A prisão de Bruce, durante a Operação Desfaçatez, desmonta o personagem que ele mesmo fabricou. Junto a outros três jovens - dois adultos e um menor de idade - Bruce foi apontado como chefe de uma rede que operava na deep web, especialmente via Discord, incitando e organizando crimes de extrema violência. O que mais choca nas investigações é o contraste entre sua persona pública - o "ecologista" - e as práticas que liderava no anonimato virtual: sessões de tortura a animais, transmissões ao vivo de dissecação de gatos, incitação ao assassinato de pessoas em situação de rua, e estímulo à violência contra grupos vulneráveis, como negros, mulheres e adolescentes.
Bruce era o proprietário do servidor onde esses horrores eram cometidos e compartilhados. Não só participava, como liderava essas práticas, incentivando outros membros da rede a ultrapassarem limites cada vez mais brutais. Segundo a delegada Maria Luiza Arminio Machado, que conduz a investigação, o grupo chegou a planejar um assassinato para o dia 20 de abril, "coincidentemente" o aniversário de Adolf Hitler, que seria transmitido ao vivo para pagantes.
A operação foi batizada de Desfaçatez, nome que ilustra com precisão a contradição entre o discurso e a prática desses jovens: a fachada da militância, da defesa de causas justas, enquanto nos bastidores promoviam atos abjetos com requintes de sadismo e exibição pública. O secretário de Polícia Civil do RJ, delegado Felipe Curi, classificou Bruce como "um verdadeiro psicopata", revelando ainda que há documentos do governo americano que relacionam o brasileiro a células terroristas - o que amplia ainda mais a gravidade do caso.
A história do jovem é um espelho sombrio do nosso tempo: em uma era de hipervisibilidade e disputas simbólicas por causas públicas, a figura do "ativista performático" se tornou um personagem facilmente encenável. Mas, como mostra a operação, a desfaçatez tem seus limites. A pessoa que deveria me proteger é justamente aquela que me ataca, apaga e exclui. A verdade, por mais escondida que esteja nos becos da internet, uma hora vem à tona.
A internet, com todo seu potencial para democratizar o conhecimento e fomentar a cidadania, também se tornou palco de violências extremas . Para a professora Glenda Melo, da UFRJ, a violência física que choca a sociedade é apenas o ápice de um processo que começa no discurso de ódio, disseminado com audiência e naturalizado nas redes. Estudar e compreender essas manifestações linguísticas pode ser chave para a prevenção.

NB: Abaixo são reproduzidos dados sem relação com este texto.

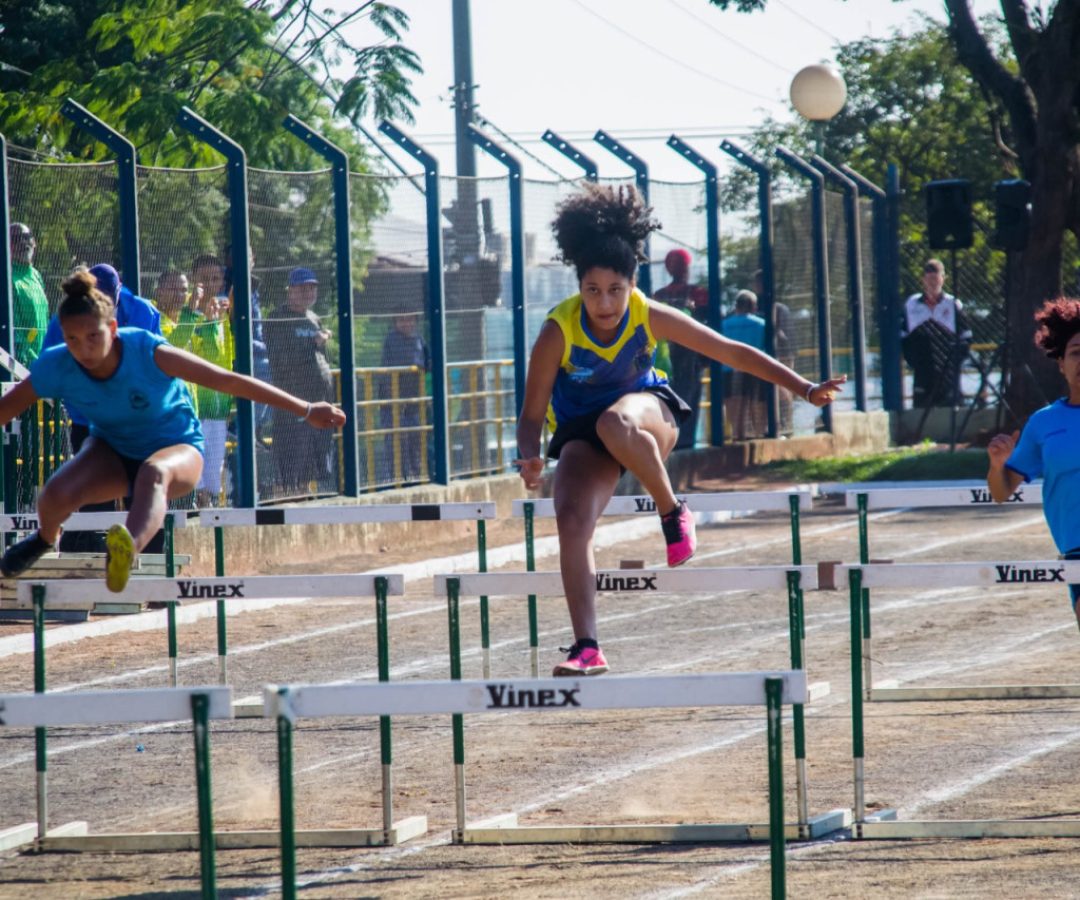 Bolsa Atleta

Já o hebiatra Dr. Felipe Fortes alerta para o papel fundamental das famílias e da urgência em regulamentar as redes sociais. Ele destaca a hiperconexão e a busca juvenil por validação online como ingredientes de um cenário perigoso, onde a ausência de limites contribui para comportamentos transgressores. É dever dos adultos - mesmo daqueles que não cresceram com a internet - estabelecer essas fronteiras.
Sophia La Banca, jornalista e doutora em neurociência comportamental, reforça que não basta responsabilizar as famílias: é preciso reconhecer o poder manipulatório das redes, construídas por engenheiros e psicólogos para prender atenção e moldar o comportamento. Mesmo adultos são vulneráveis, e é ingênuo esperar que apenas o monitoramento parental dê conta da complexidade dos riscos digitais.
Para a psicanalista Teresa Pinheiro, o que está em jogo é a erosão do mundo interno. A incapacidade de elaborar, refletir e dialogar consigo mesmo nos torna seres de estímulo e resposta. A violência nasce quando o outro é destituído de subjetividade - como já ocorreu historicamente com judeus, hoje ocorre com moradores de rua e, neste caso, com animais. Quando faltam palavras, sobra o corpo: a dor psíquica se inscreve na carne.